Although many of Jubilee Cafe's volunteers are provided by the Center for Community Outreach at KU, anyone is encouraged to volunteer their time, especially during breaks when KU students are unavailable. No advance notice is needed, and training is provided on the job. And there's no sweaty man with a menacing cutting implement barking orders across a serving window.

"It's a pretty easygoing environment. Everyone knows they're here to do something very special, and so it's not very intense," says Sean.

As might be expected, funding is one of the major hurdles at the Jubilee Cafe. It costs $370 per week to keep the operation running, and although organizations and individuals make contributions in addition to grants received from government agencies, Sean says that the best potential resource is education.

"I find a large problem in America with individuals having their own personal bubble, so to speak, and these bubbles continuously get larger as communication sources get easier and individual contact gets more scarce. And so with these bubbles they don't interact with real sources, and they don't interact with real news, and I consider real news what these KU students are getting every morning when they come and volunteer here," Sean says.

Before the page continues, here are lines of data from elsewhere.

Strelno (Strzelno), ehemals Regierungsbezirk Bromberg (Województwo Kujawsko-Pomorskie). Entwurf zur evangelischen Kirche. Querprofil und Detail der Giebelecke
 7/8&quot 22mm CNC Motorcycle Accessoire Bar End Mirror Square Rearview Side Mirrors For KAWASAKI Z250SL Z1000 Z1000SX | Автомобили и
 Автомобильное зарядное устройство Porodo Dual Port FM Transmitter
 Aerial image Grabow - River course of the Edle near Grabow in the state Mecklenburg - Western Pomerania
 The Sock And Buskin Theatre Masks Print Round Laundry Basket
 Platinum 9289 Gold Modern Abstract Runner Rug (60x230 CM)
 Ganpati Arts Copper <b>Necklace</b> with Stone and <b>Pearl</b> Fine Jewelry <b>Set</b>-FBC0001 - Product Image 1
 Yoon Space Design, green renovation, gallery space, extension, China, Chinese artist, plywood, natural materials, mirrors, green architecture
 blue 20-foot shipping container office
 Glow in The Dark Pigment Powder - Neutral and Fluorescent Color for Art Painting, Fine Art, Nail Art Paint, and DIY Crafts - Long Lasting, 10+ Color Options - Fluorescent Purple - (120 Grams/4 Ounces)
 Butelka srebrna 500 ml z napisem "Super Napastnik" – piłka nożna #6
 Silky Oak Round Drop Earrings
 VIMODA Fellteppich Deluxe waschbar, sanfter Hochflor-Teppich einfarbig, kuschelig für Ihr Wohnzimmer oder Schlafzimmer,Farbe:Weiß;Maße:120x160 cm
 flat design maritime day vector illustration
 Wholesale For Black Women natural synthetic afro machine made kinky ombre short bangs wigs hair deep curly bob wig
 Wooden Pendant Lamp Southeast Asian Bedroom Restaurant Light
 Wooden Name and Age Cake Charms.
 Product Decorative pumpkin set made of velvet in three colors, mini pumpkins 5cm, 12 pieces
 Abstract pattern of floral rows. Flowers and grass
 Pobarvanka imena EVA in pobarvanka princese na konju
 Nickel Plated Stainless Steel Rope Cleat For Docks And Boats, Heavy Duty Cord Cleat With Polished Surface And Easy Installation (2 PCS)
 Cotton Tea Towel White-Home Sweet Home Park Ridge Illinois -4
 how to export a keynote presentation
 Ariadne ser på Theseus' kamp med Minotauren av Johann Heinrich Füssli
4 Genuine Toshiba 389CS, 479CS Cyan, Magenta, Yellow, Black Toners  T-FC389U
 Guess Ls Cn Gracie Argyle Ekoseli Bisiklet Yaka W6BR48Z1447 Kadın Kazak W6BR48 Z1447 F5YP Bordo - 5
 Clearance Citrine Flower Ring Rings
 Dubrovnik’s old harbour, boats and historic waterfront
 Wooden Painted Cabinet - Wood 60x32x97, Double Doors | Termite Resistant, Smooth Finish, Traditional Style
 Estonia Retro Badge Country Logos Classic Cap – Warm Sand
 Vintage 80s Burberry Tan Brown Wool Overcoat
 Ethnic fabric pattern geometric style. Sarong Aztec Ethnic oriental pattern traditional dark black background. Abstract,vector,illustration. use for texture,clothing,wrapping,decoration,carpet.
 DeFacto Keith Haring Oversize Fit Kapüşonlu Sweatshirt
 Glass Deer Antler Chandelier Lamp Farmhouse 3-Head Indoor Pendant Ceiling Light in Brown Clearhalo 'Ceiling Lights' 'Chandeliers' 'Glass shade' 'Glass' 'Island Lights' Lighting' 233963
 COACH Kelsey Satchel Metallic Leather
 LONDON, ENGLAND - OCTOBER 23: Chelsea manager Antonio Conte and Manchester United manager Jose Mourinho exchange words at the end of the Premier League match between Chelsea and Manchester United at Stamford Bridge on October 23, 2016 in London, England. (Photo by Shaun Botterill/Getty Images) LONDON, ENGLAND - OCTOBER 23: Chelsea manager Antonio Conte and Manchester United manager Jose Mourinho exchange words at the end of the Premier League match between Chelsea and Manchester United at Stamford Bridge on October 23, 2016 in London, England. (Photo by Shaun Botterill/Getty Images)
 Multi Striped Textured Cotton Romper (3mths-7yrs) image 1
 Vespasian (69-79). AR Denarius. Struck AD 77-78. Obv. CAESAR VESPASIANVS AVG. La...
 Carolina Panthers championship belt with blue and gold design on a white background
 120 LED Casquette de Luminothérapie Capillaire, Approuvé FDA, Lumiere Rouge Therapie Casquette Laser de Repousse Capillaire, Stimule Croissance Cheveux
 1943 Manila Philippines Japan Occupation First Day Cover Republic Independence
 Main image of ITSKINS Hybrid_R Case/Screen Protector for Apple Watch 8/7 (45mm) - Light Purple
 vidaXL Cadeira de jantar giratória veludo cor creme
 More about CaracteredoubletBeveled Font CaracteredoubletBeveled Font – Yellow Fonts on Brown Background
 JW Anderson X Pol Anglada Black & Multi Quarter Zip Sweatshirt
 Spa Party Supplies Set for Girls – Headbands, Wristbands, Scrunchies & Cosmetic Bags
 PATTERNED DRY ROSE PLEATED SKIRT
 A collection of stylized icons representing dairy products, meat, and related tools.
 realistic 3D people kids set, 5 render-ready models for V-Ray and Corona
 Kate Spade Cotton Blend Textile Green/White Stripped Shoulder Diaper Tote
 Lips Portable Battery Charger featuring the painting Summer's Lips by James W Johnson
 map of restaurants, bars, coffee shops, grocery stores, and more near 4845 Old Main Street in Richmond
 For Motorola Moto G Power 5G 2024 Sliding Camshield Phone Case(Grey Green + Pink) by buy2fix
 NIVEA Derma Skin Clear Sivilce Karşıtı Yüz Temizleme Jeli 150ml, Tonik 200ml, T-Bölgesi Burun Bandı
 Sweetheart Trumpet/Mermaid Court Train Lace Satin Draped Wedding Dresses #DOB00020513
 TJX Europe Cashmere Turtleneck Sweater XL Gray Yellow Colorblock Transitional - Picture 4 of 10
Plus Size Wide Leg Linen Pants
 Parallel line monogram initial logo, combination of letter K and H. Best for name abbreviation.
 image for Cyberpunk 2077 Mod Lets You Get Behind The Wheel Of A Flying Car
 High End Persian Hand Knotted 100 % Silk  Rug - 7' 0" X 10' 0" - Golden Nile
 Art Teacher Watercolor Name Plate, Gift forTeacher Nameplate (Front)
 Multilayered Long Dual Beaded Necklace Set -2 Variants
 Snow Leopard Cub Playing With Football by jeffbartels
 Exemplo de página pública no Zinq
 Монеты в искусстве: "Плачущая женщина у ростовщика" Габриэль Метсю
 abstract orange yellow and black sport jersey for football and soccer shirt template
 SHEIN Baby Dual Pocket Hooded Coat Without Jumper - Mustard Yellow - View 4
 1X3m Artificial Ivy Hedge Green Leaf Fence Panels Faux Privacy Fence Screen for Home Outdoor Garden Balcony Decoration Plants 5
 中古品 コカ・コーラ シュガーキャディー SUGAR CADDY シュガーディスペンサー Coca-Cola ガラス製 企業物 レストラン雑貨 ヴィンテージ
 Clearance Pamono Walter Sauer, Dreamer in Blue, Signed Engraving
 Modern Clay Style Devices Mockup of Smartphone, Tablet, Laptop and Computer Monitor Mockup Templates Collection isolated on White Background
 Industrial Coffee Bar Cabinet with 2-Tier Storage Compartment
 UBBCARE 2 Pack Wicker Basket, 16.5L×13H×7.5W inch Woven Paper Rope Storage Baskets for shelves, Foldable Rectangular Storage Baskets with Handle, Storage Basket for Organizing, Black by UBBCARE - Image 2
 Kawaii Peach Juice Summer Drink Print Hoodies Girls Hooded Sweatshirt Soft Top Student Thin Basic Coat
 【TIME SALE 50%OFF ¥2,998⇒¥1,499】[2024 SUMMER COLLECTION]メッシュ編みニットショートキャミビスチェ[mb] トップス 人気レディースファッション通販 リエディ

"If people did realize this and really opened up to these situations, I think that they'd understand that there are other things we need to spend our time and efforts on rather than foreign policy necessarily, and international trade, and world dominance, and SUVs, oil trade, just a number of things. We have so many resources here, especially in the hearts of Americans, but they're hidden in these bubbles."

But Sean Tucker isn't one to let this, or anything, keep him from the work he was born to do. After finishing his studies at KU and two years at clinical laboratory science school, he hopes to live in Africa and work for the Peace Corps.

"I really believe in ideas of karma, and what you give will come back to you. I can keep giving and giving and -- even though life may be treating me bad right now -- if I can give, I can make other people happy, and by doing that it comes back and makes me happy in the end."